The input:
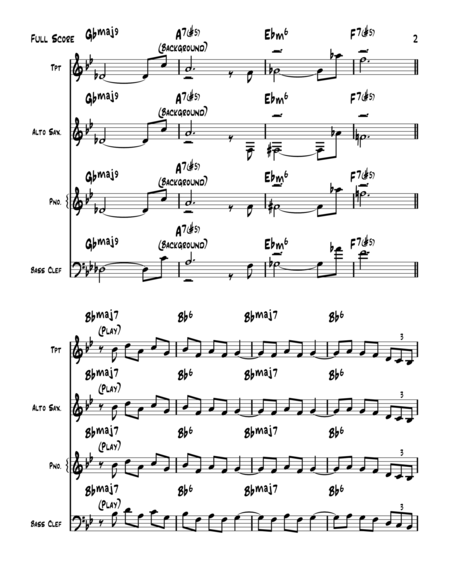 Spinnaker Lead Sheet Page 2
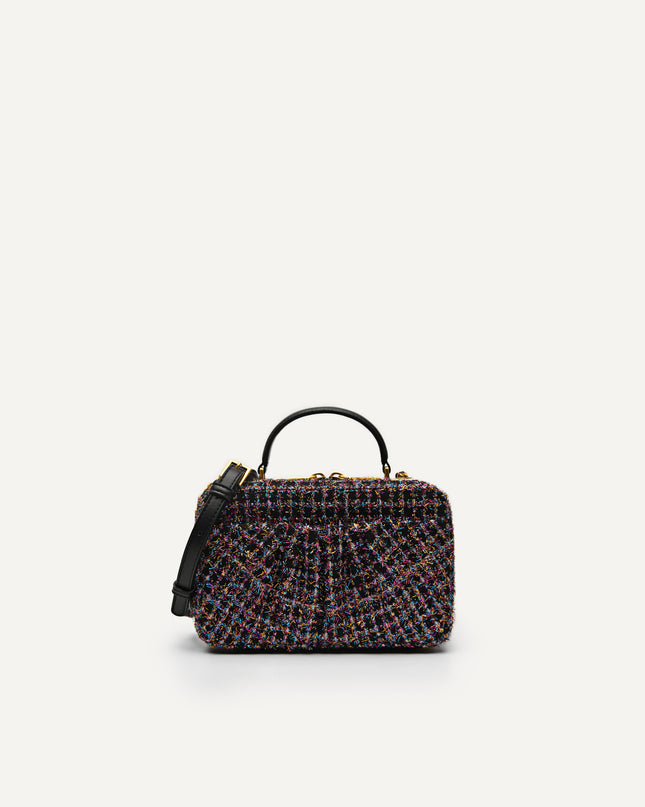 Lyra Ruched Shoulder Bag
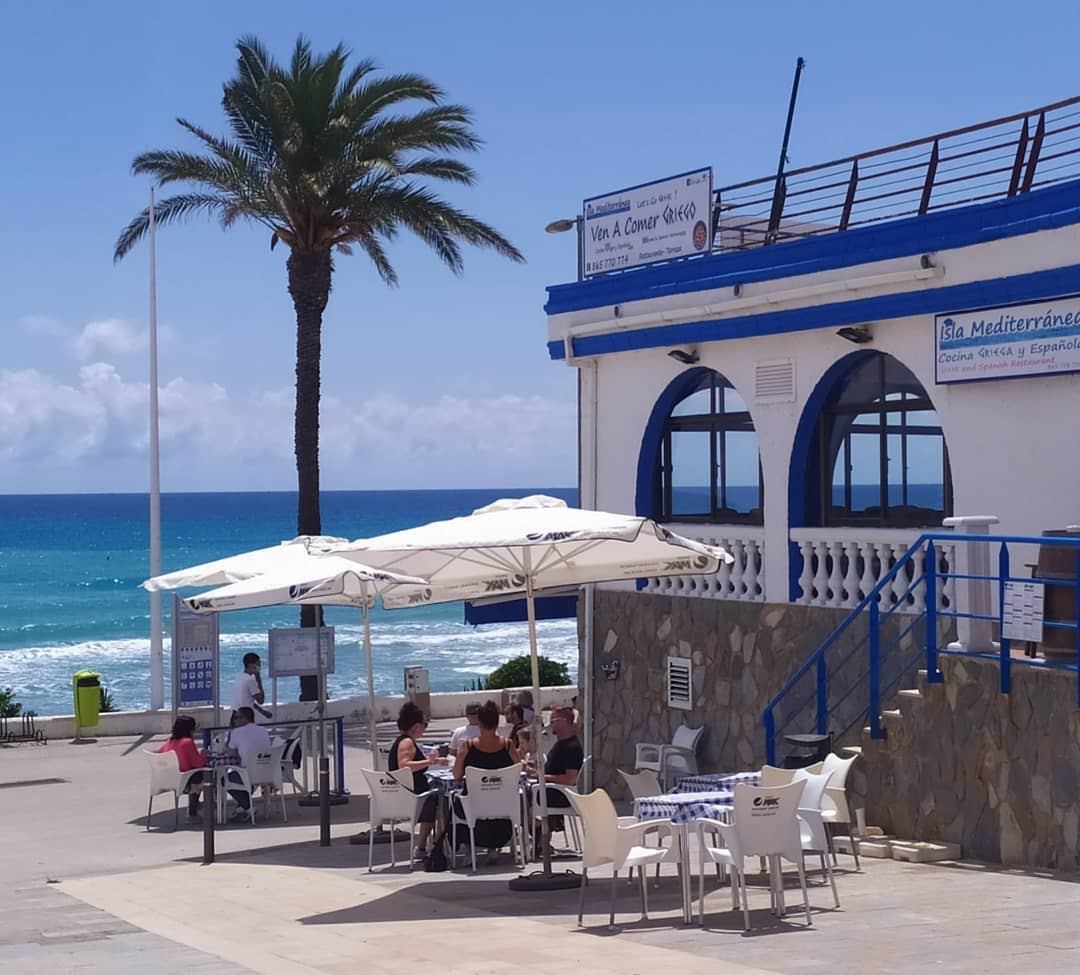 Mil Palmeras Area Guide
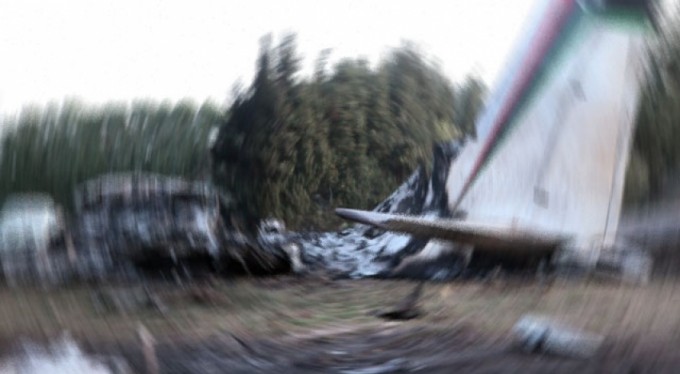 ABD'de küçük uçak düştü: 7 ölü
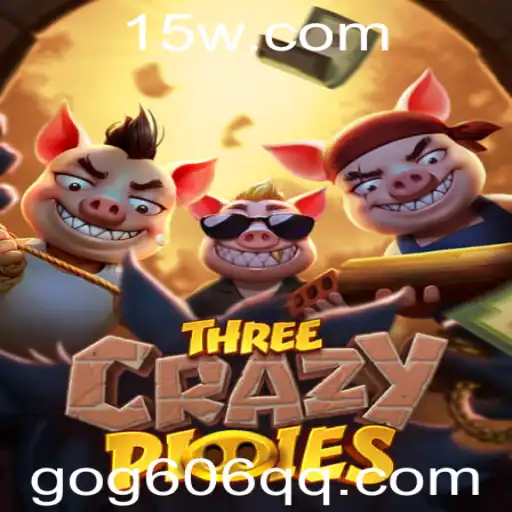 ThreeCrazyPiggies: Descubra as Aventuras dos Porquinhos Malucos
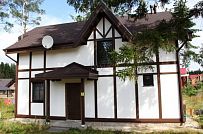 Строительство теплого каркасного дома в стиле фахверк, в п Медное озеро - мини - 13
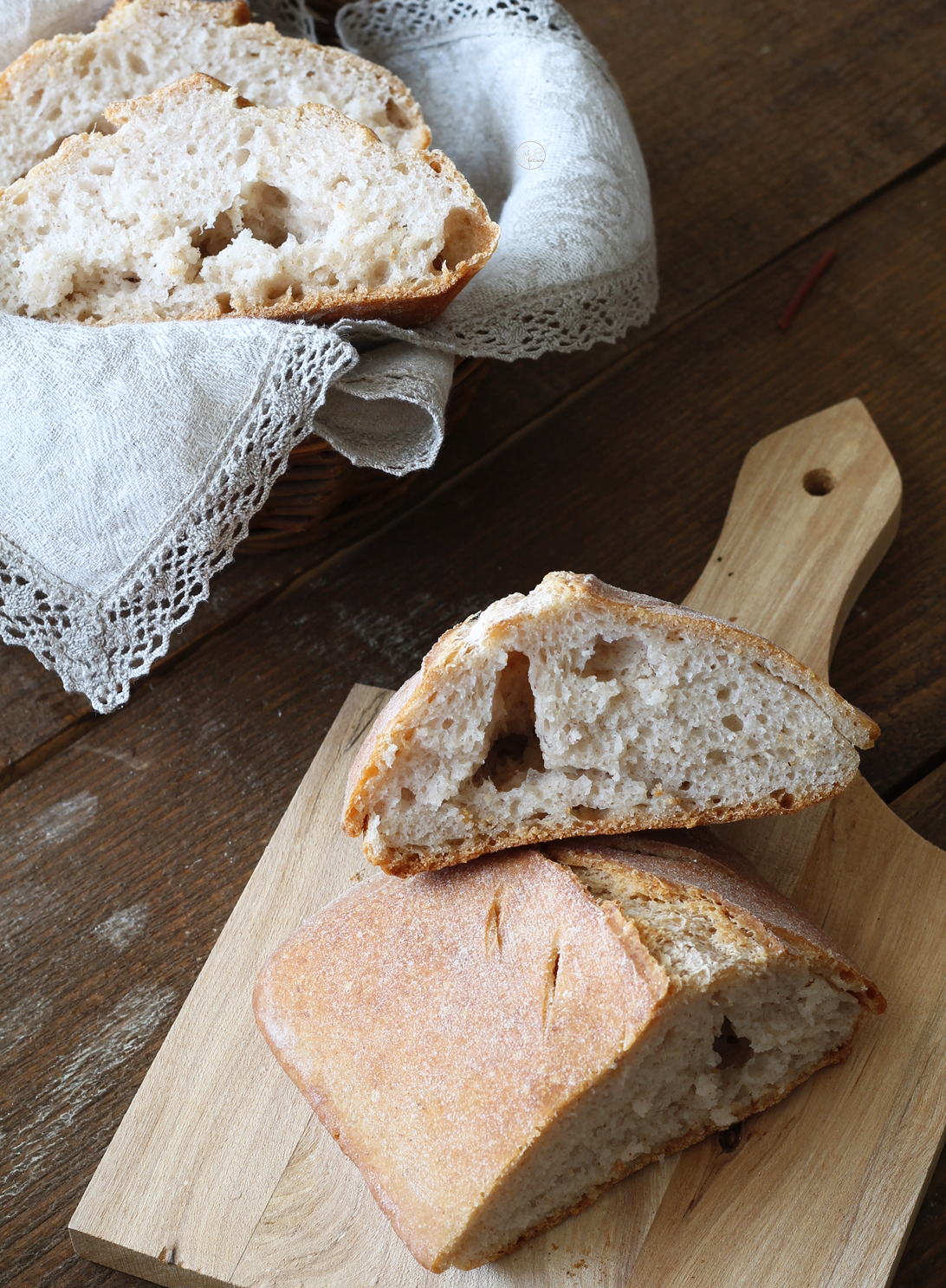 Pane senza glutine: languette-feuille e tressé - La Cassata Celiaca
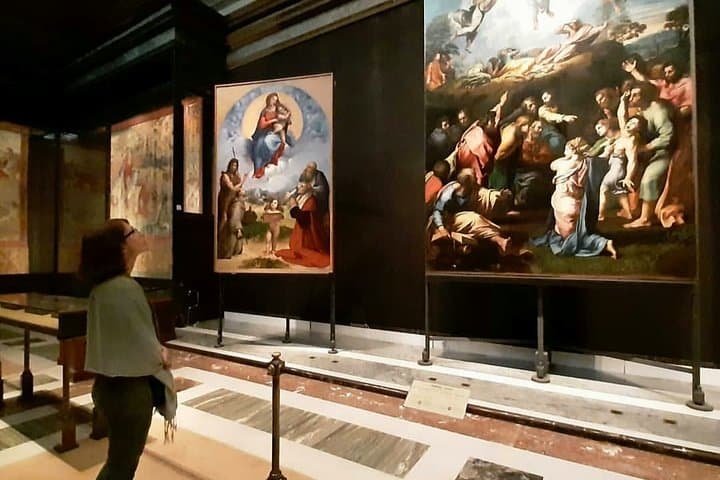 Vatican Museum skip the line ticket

Work required: Output only the lines above from the line that holds "Mil Palmeras Area Guide" through the line that holds "Строительство теплого каркасного", both ends included, and exclude pictures.

Written reply:
 Mil Palmeras Area Guide
 ABD'de küçük uçak düştü: 7 ölü
 ThreeCrazyPiggies: Descubra as Aventuras dos Porquinhos Malucos
 Строительство теплого каркасного дома в стиле фахверк, в п Медное озеро - мини - 13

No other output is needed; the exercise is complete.